One of the most important aspects of any successful training regimen (or perhaps any pursuit in life) is consistency. Today, we’ll discuss the importance of sticking with your workouts and never letting too much time pass between training sessions.
Here Comes an Excuse
As you may have read in previous posts, I had the joy of traveling to Indiahoma, Oklahoma last week to share the gospel of Jesus Christ with the children, youth, and adults in the community. We had an awesome time (more to come on that soon) and forged many wonderful relationships. However, there was one thing we didn’t do while there—workouts!

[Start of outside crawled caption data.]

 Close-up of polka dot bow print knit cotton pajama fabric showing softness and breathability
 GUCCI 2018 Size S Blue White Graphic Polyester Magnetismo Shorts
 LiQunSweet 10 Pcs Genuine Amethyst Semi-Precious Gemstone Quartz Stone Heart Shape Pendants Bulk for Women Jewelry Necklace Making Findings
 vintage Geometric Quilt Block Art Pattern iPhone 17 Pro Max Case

While I was able to stay pretty active moving rubble from a burned-down building, swimming at the lake, and even a bit of free climbing, I didn’t lift any heavy weights. And, though I intended to go on a few runs and do some bodyweight exercises, I never managed to make it happen.

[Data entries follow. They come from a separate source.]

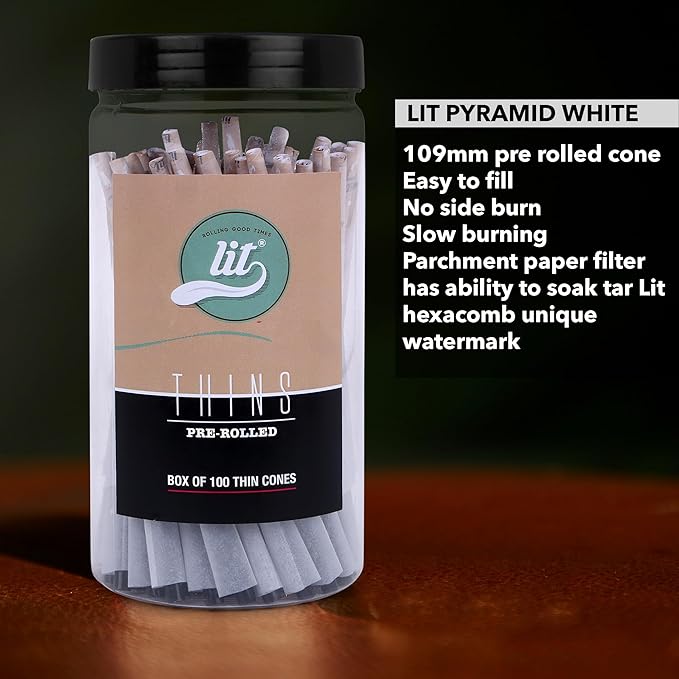 LIT THINS ORGANIC WHITE PRE-ROLLED CONES (109MM) KING SIZE (JAR OF 100 CONES)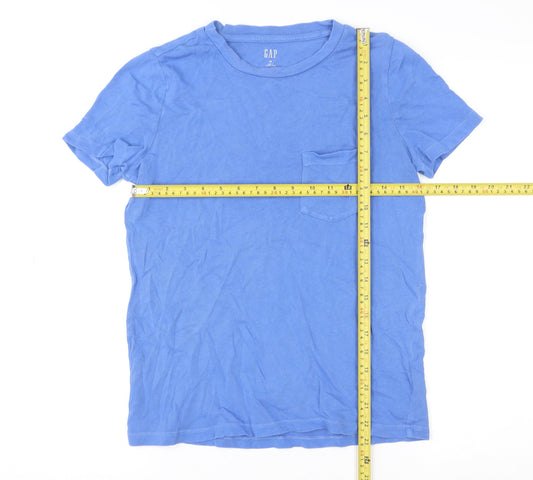 GAP Womens Blue XS Cropped Cotton Jersey T-Shirt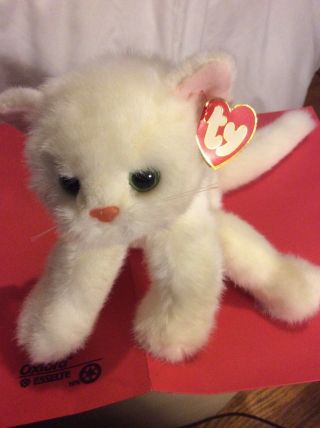 Ty Beanie Baby Pillow Pal “crystal - White Fluffy Cat “ Vintage.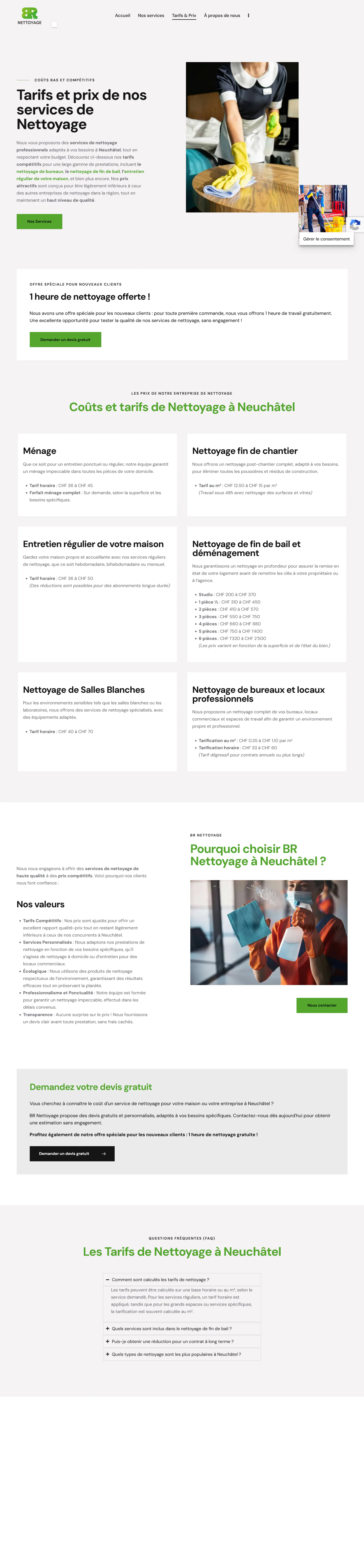 Page des tarifs et prix des prestations de BR Nettoyage.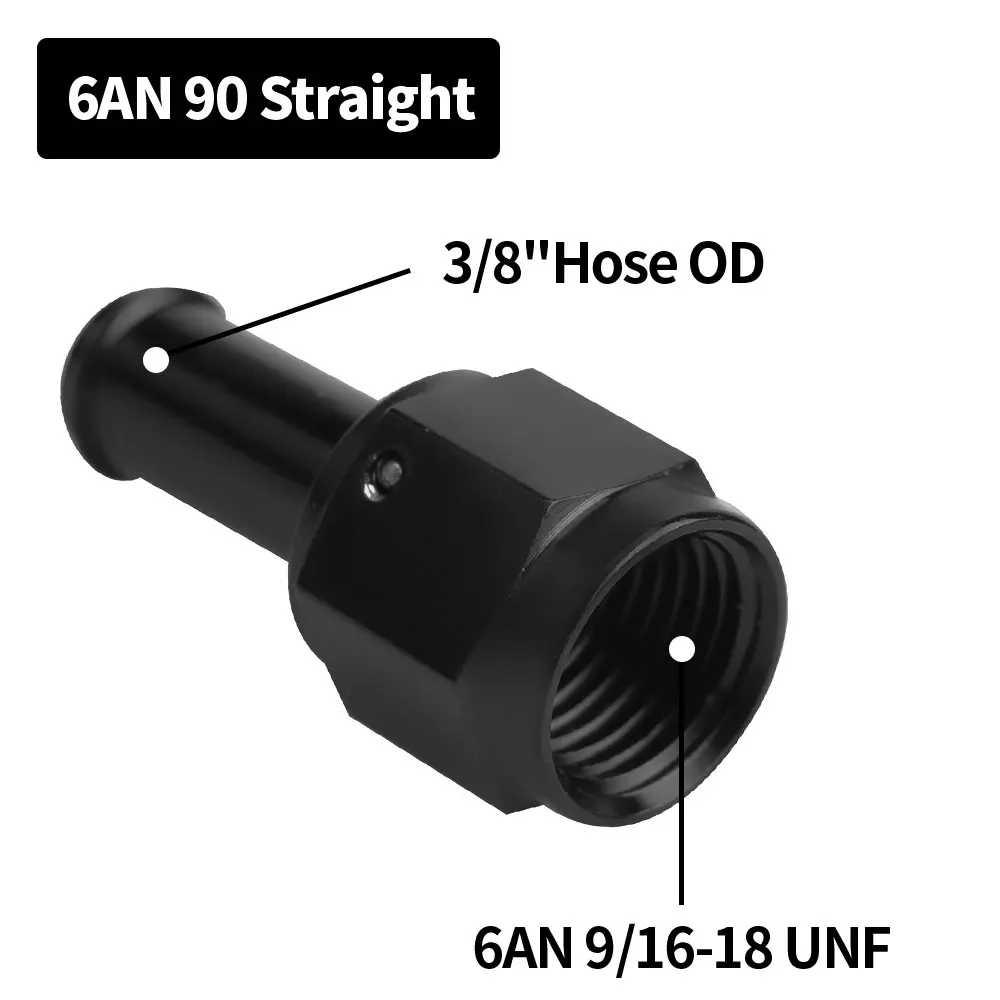 

Universal AN6 Female to 3/8" Barb 6AN Female to 5/16" Barb Straight 90 Degree Fuel Hose Swivel Fitting Adapter Aluminum Black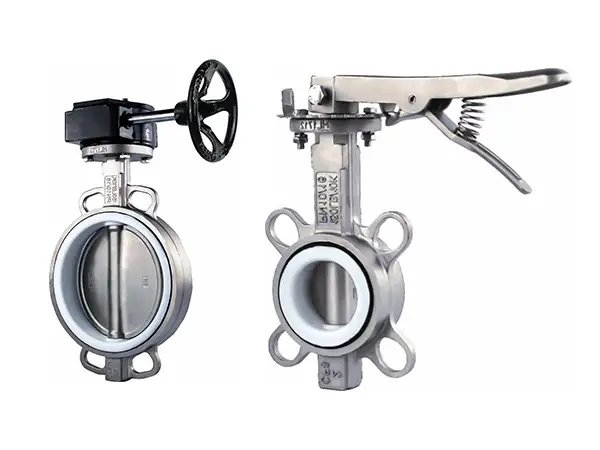 2 inclined stainless steel wafer metal butterfly valves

The Price That Must Be Paid
Consequently, I was in for a rough day back to the gym today. My last full workout was 6 days ago, and that’s much too long to go between workouts. My metcon of heavy squats, dips, dumbbell jerks and pull-ups started off well, but I ran out of steam about 3 minutes in and my whole body began to feel like Jello.
I’m afraid that there’s no good way to get around the rough spot that I found myself in today, should you skip too many workouts. The only way to get past it is to go right through. So, that’s exactly what I did, pushing my Jello-feeling body through the next 15 minutes of punishment. By the end, I was totally wiped, and struggled to catch my breath for about five minutes.
The Reward on the Other Side
However, once I did catch my breath, I began feeling much better, even better that I had felt all day. I spent the next 10-15 minutes stretching my hips and calves, which had grown rather tight and immobile in the two 10-hour bus rides that we’d taken last week. All in all, I felt great by the end, but there were some rough moments in there for sure.
Learn from Mistakes
As you can probably tell, I’ve been through this a time or two in the past, and have learned to avoid this situation as much as possible. Since I powered through today, I’ll likely be back in a good groove tomorrow or the next day. Getting back in a good rhythm requires paying a high price, though, as I experienced today, so I’ll be working to avoid another slip in the future.
Be Good to Your Body
One or two days of resting and stretching can be a great way to rejuvenate your body and recover from a tough workout. But three days can be dangerous and four days is trouble. If you make my mistake and wait six days between, you’re in for a rough day back, so don’t let it happen to you! Make workouts your habit four to five days a week, and even if it’s just a few rounds of sprints and push-ups, your body will thank you for avoiding the punishment of a “first day back!”